While the barrage of sounds is not entirely accessible, it is easily identifiable and inspires audiences immediately. The deeper elements of the band's composition and interaction are much trickier and can easily obsess those looking to reduce the band's music into notes and time signatures. With the multiple guitar over-dubs (provided live by pedals and outboard gear), I don't believe the mutating sound of Battles could ever be cataloged in such a way. This is entirely new.

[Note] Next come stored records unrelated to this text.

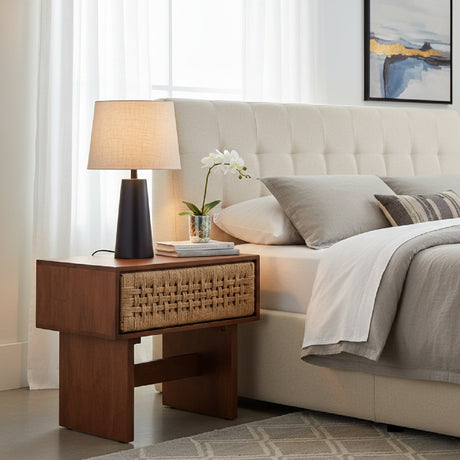   Woven Jute 1-Drawer Nightstand | Oroa.com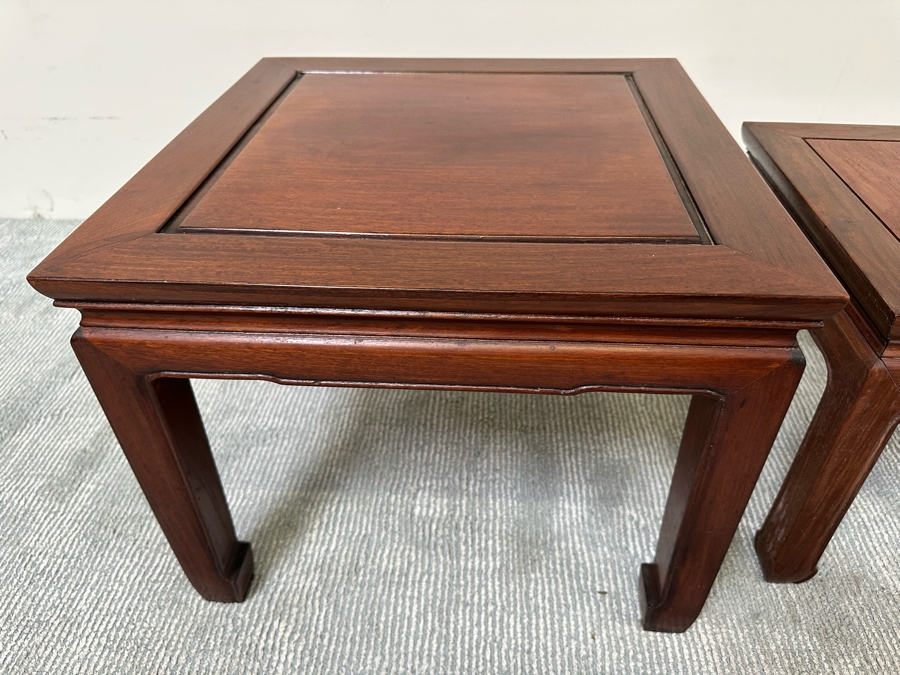 Pair Of Chinese Side Tables 20W X 16H, 15W X 14H [Photo 5]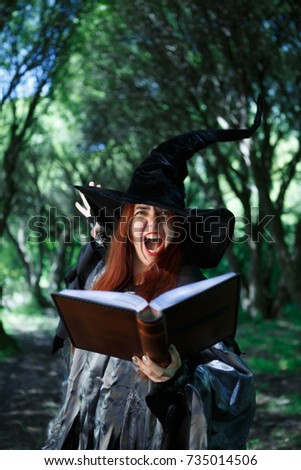 Image of young screaming witch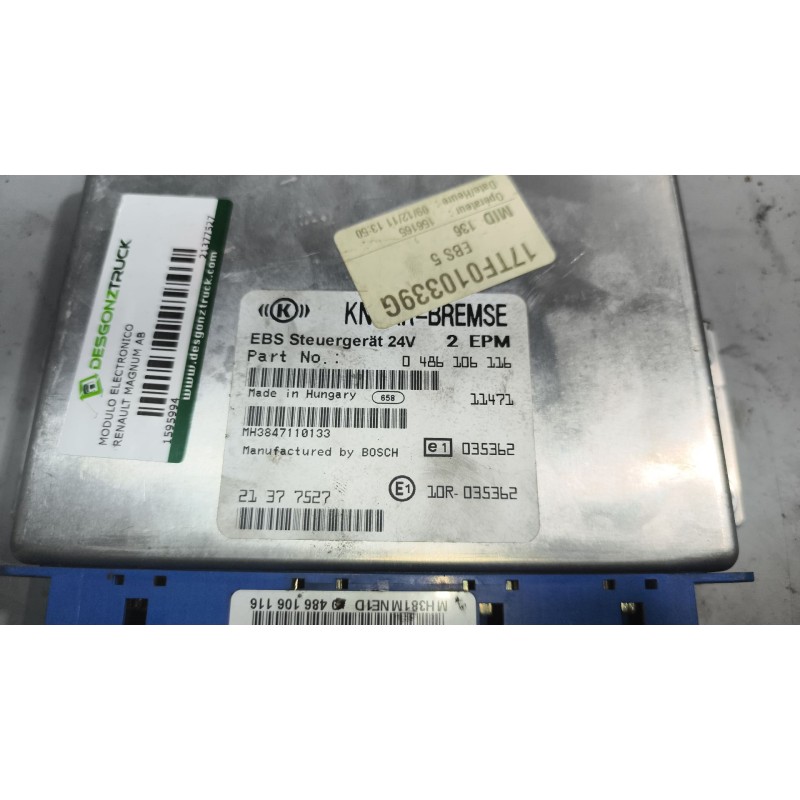 Recambio de modulo electronico para renault magnum ab diesel referencia OEM IAM 21377527 0486106116 - Blanco 3
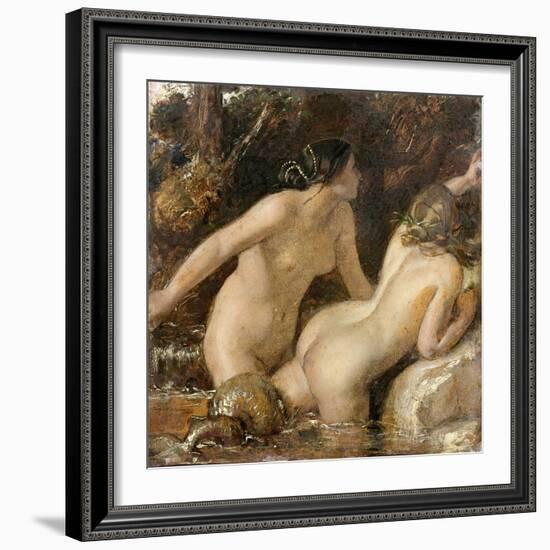 Nymphs with a Sea Monster (Oil on Paper)-William Etty-Framed Giclee Print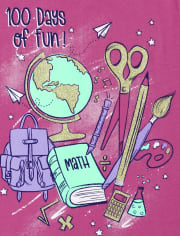 Camiseta gráfica 100 días para niñas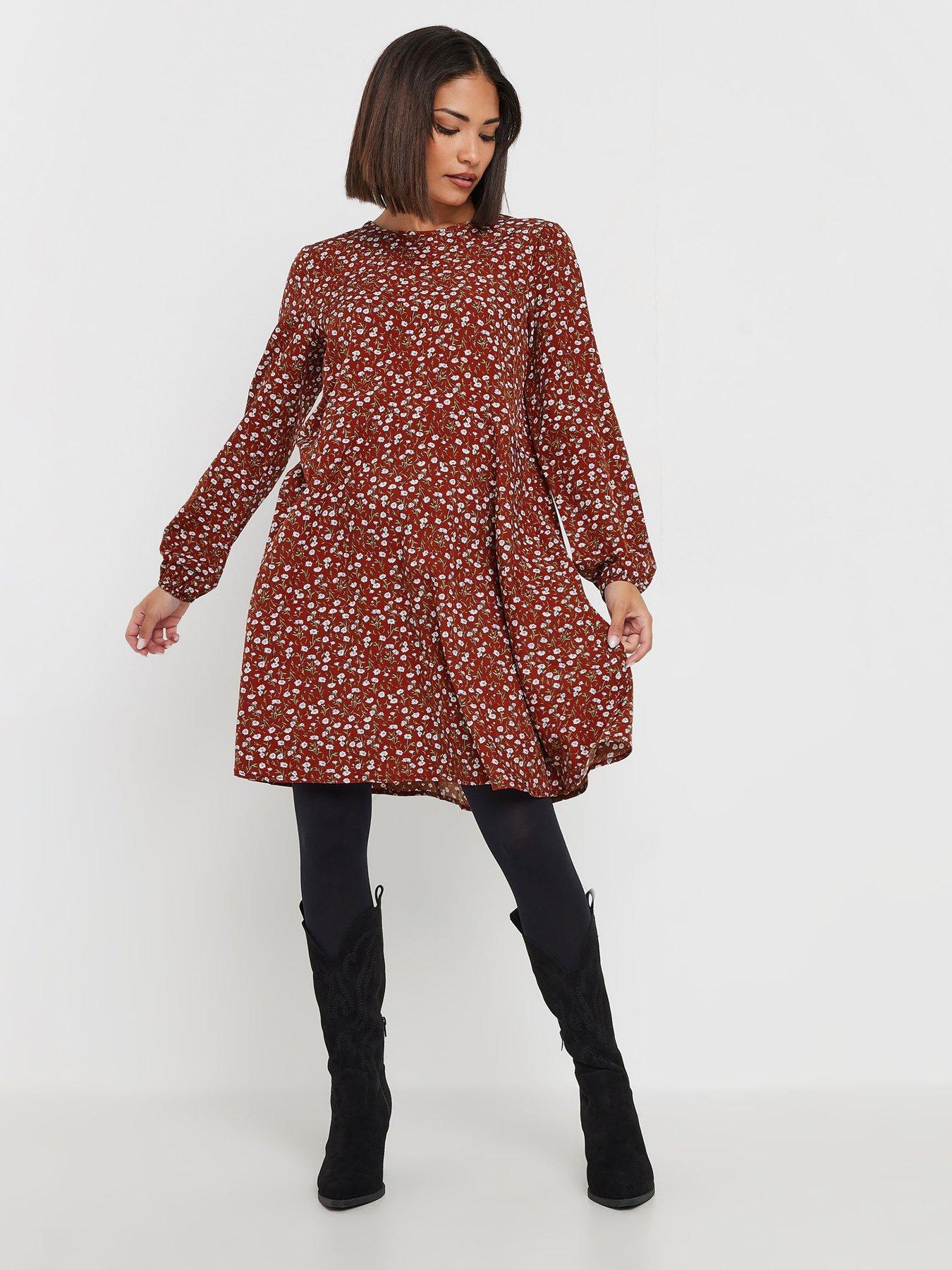 pixiegirl-petite-ditsy-long-sleeve-mini-dress-red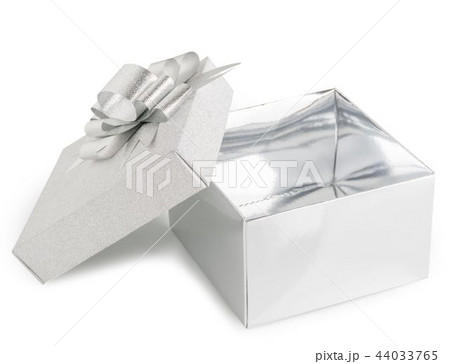 Isolated silver gift box on white background 44033765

Although I've yet to conduct a formal interview with the band, it is probably safe to assume that compositions are planned improvisations with keys and themes designed to come into use, but never in the same way twice, and never when you might expect. Often the songs build from a single guitar, then add that guitar doubled upon itself, then doubled again, then slowly the band joins in, comes together, falls apart, and them comes together again. It's fascinating on a cerebral level, and captivating on a purely sonic level.
Surprisingly, the band ended on a down note, closing with a purely improvisational piece that never seemed to connect with the audience or its players. Williams backed out occasionally, amusing himself by performing handstands against the wall of the club, or simply slumping down against that wall. Afterwards I talked to Williams. His voice was mellow, his mind fully engaged, and his body hyper. The combination seemed artificially induced, if not unholy. I asked about the wall stands and Williams turned his head over his shoulder, looked at the wall, and offered, "I just discovered it tonight. It's a great wall." While maybe not outwardly competitive, I think he must have been trying to show up Sprinkles' Justin Joyce by performing from the Advanced Yoga for Keyboarders Workout.